The Power Of Data
Working in a modern day manufacturing facility, data was all around me. As the IT Manager at Quebecor World’s Merced Plant, my team was responsible for the plant dash board. A web based application that collected and showed the plant’s production performance in real time, pulling in data from hundreds of sensors throughout the production process. It was quite amazing to see. We were constantly making the UI easier to read and more powerful for users. The ability to drill down and adjust production on the fly was incredible. Reviewing historical performance and being able to adjust and re-adjust processes for improved performance and see the results in real time was invaluable. It saved the Plant hundreds of thousands of dollars annually and paid for itself many times over. That system of data collection and display helped make that plant one o the most innovative printing facilities in the world.
We have data in education too. It’s not real time and it hardly ever gets used to impact current performance, but we do have it. Since coming over to K12, I’ve often wondered why we don’t have dashboards for data in schools. Real time readouts with learning metrics, attendance stats, facilities conditions in one simple view or every principal to see. And similar dashboards for teachers, with all of a student’s performance data displayed in easy to read graphs and charts. Unfortunately I’ve never had the resources of Programmers in K12 to delve into the concept.

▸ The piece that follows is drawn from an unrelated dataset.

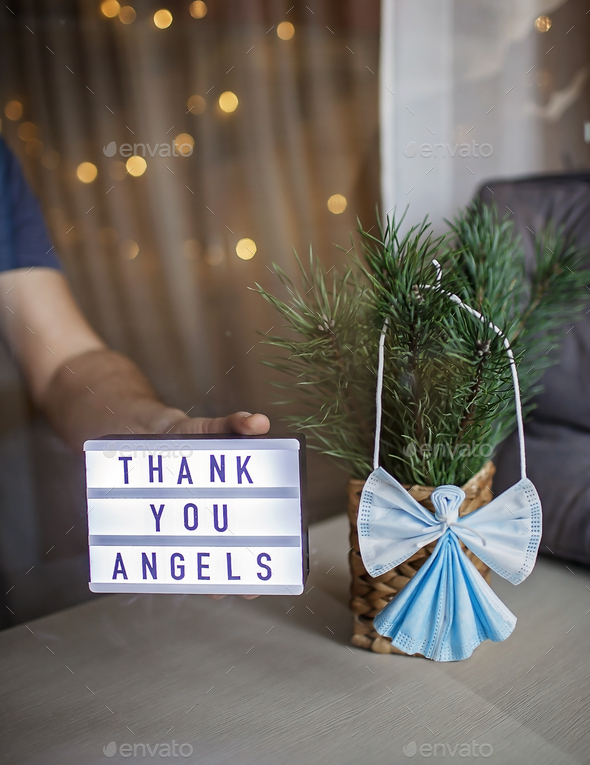 DIY angel made with medical masks, zero waste decor, gratitude from thankful patient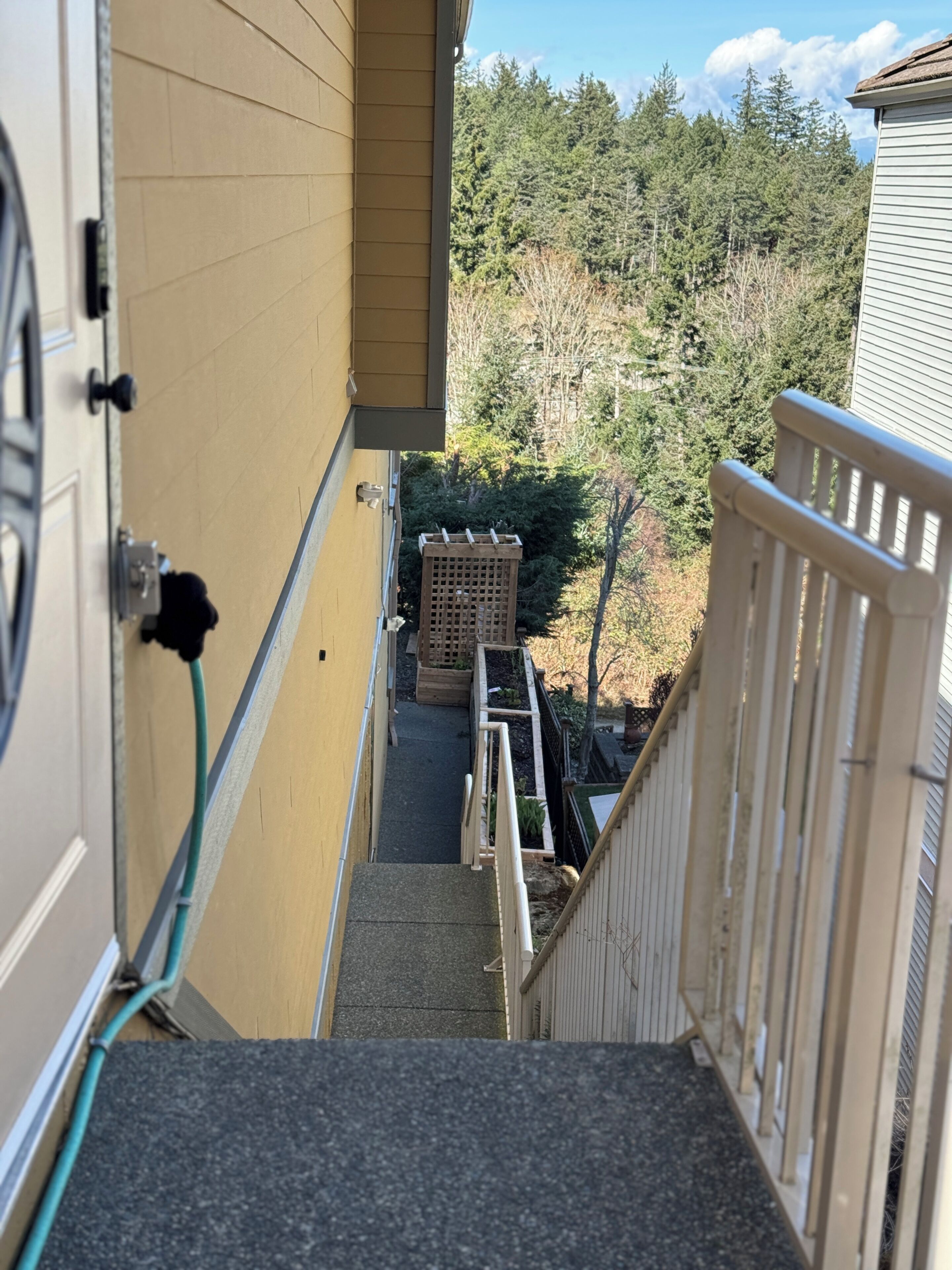 A narrow outdoor stairway leading to a wooden deck, surrounded by a fence and a wooden planter.. Enjoy a bright and comfortable 2‑bedroom suite with a private entrance, full kitchen, and one bathroom. The space accommodates up to six guests and includes a cozy living area, smart TV, Wi‑Fi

That’s why I am fascinated by systems like Khan Academy’s Learning Dashboard and BrightByte’s Clarity for Schools. Both represent powerful uses of data and move education closer to the world of learning analytics. It’s becoming possible to get bigger views of whats happening in schools, from student achievement to the impact of technology PD in the classroom. Being able to capture data and present it in a user friendly and useful manner is getting easier every day.
SBAC promises even more potential with data in the form of the Formative Assessments that should give teachers a (more or less) continuous view into student learning. I’m excited or the potential of data in education and quite frankly I’m surprised the big Student Information System (SIS) vendors haven’t figured this out yet. As a parent, I would love to see a something like a Learning Dashboard for my kid. But then again, a classroom blog would work for me too.